Mr. Leroux is compliant with the recommendations of his treatment team. However, he still has limited insight into his experiencing symptoms of psychosis. He is not yet able to identify these. This is a risk factor that must be considered. The fact that the evidence before us is that the Hospital does not yet have enough information about Mr. Leroux to determine even the details of his substance use disorder makes it evident that they require a more extensive period in order to get to know Mr. Leroux and to observe him as he is granted any initial privileges so that the team can fully determine his ongoing risks. On the evidence, that will be a slow process.

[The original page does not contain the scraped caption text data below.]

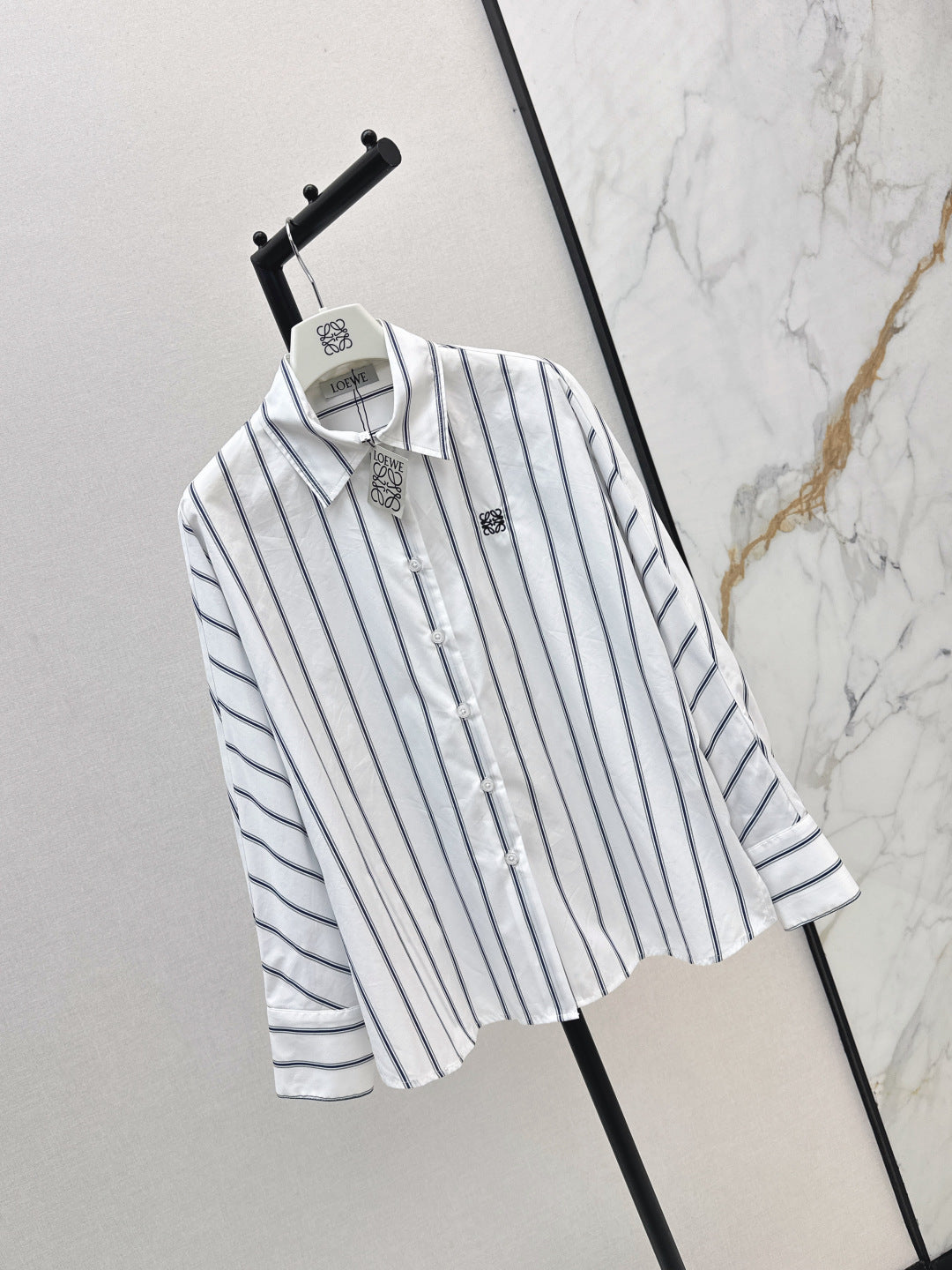 Loe NEW striped shirt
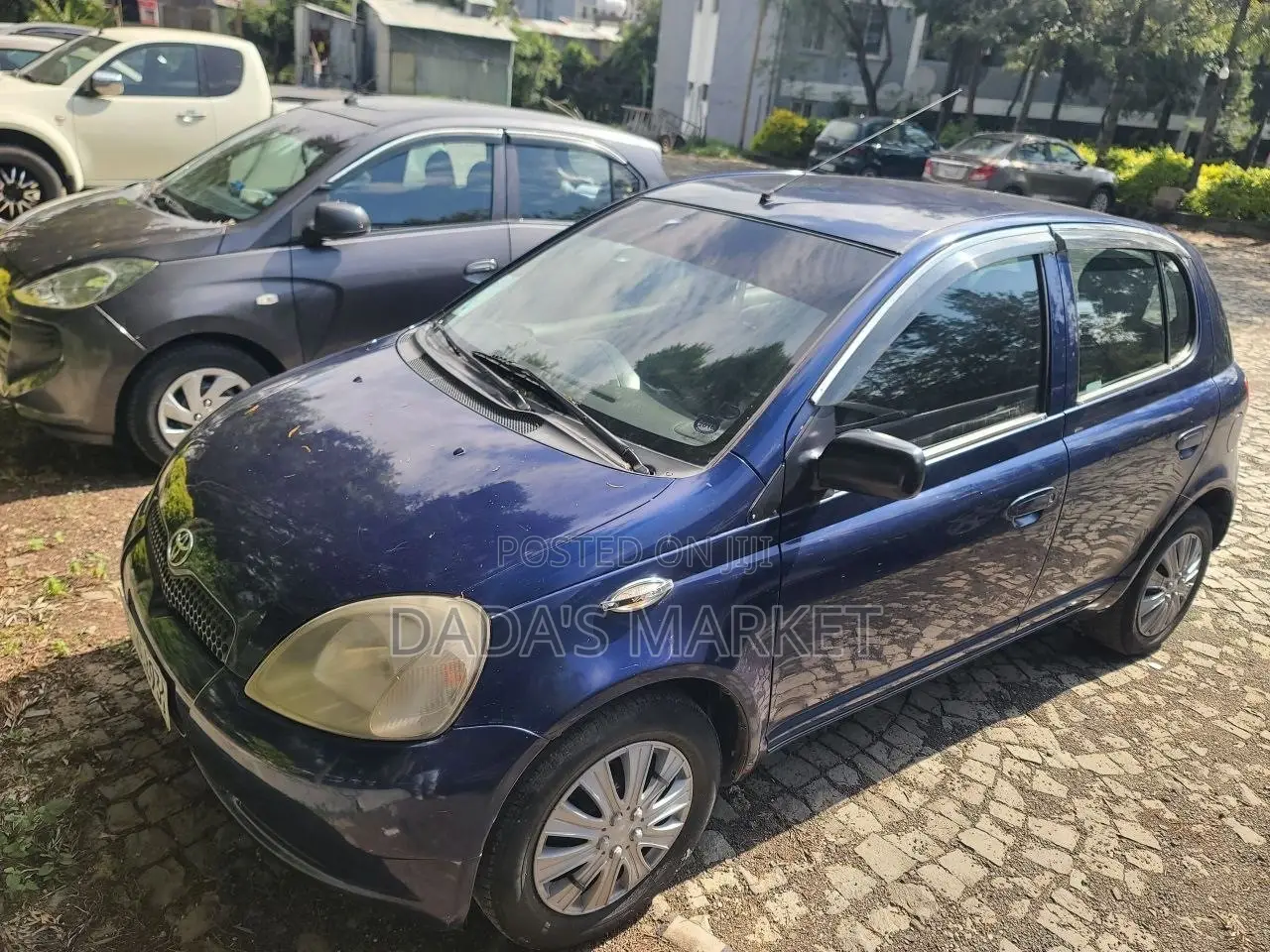 Toyota Vitz 2003 Blue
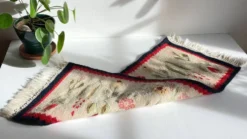 Tapis Rollakan décor de tulipes vintage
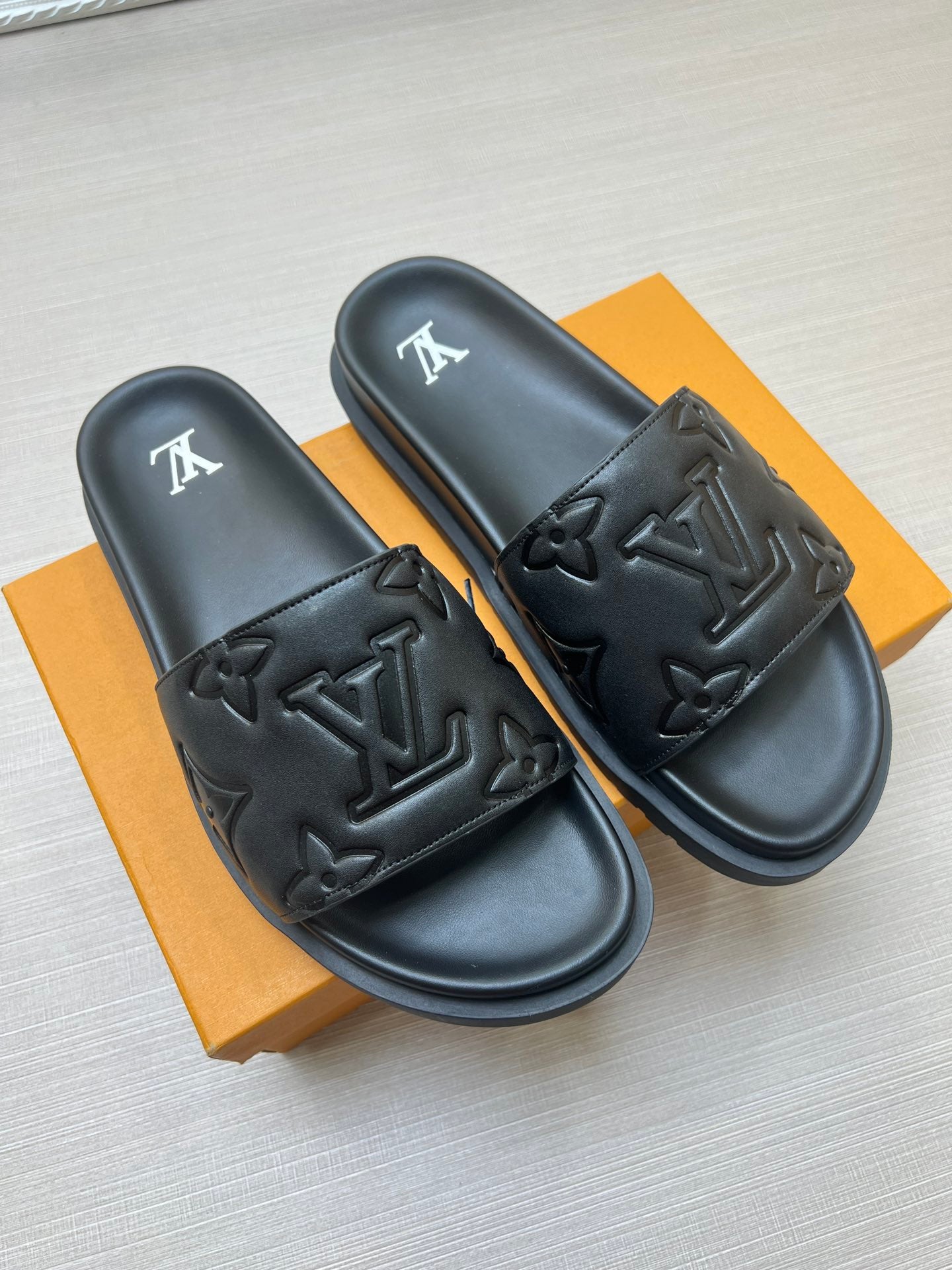 54E3Z Popular slippers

As our primary direction is protection of the public, it is our unanimous view that on the available information, the inclusion of indirectly supervised passes to the community would present an undue risk. We note of course that if Mr. Leroux shows significant progress in the upcoming months, that the Hospital can, if they determine it appropriate, seek an early hearing to expand his privileges. He has a wide envelope in the disposition being imposed for the upcoming year to progress in his treatment and his reintegration.
We create a disposition for a detention order at North Bay Regional Health Centre – North Bay Site with the privileges as recommended by the hospital in final submissions, including the prohibition against contact with his sister, his aunt, or their immediate families. We do so in recognition of the four factors in s. 672.54 of the Criminal Code.
DATED this 15th day of September 2025, at the City of Toronto, in the Toronto Region.
Ms. C. Fromstein
Alternate Chairperson
___________________
Office of the Registrar
Ontario Review Board
Footnotes
- In fact, the period from Mr. Leroux’s arrest on August1, 2021 to the hearing date of September 4, 2025, was just in excess of four years.
- The panel would point out that in fact, Dr. Klassen’s testimony at the trial was that if his diagnosis of a bipolar disorder was correct, the risk of occurrence of a second manic episode was 100% (Transcript, p. 36, ll. 5-13).